- **Material provided**
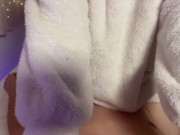 動けない状態で手コキされまくり…しかもめっちゃエロい言葉責め❤️‍🔥 1/16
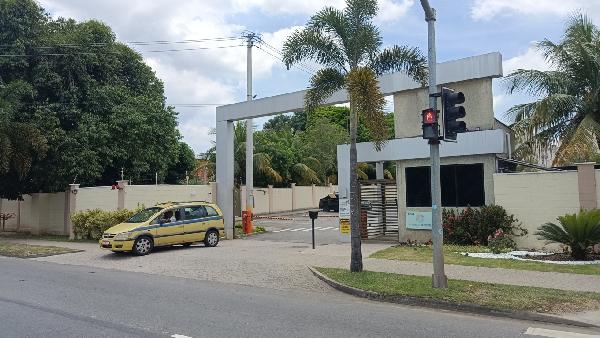 Apartamento no Res Pq Riviera Tropical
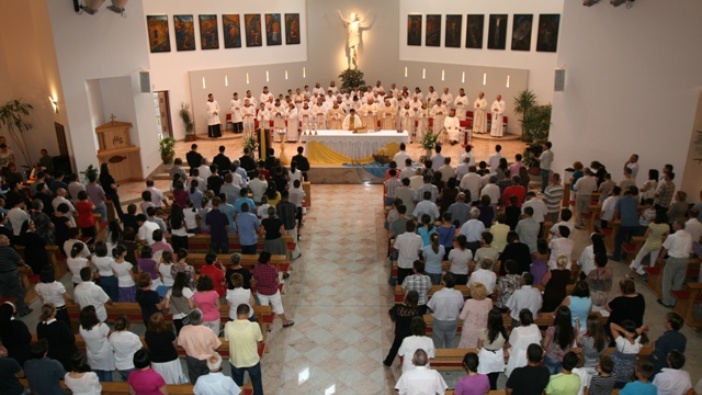 Obred oblačenja i prvog zavjetovanja na Humcu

- **What you have to do**
Repeat the material above precisely as it appears, omitting the images it contains.

- **Response**
 動けない状態で手コキされまくり…しかもめっちゃエロい言葉責め❤️‍🔥 1/16
 Apartamento no Res Pq Riviera Tropical
 Obred oblačenja i prvog zavjetovanja na Humcu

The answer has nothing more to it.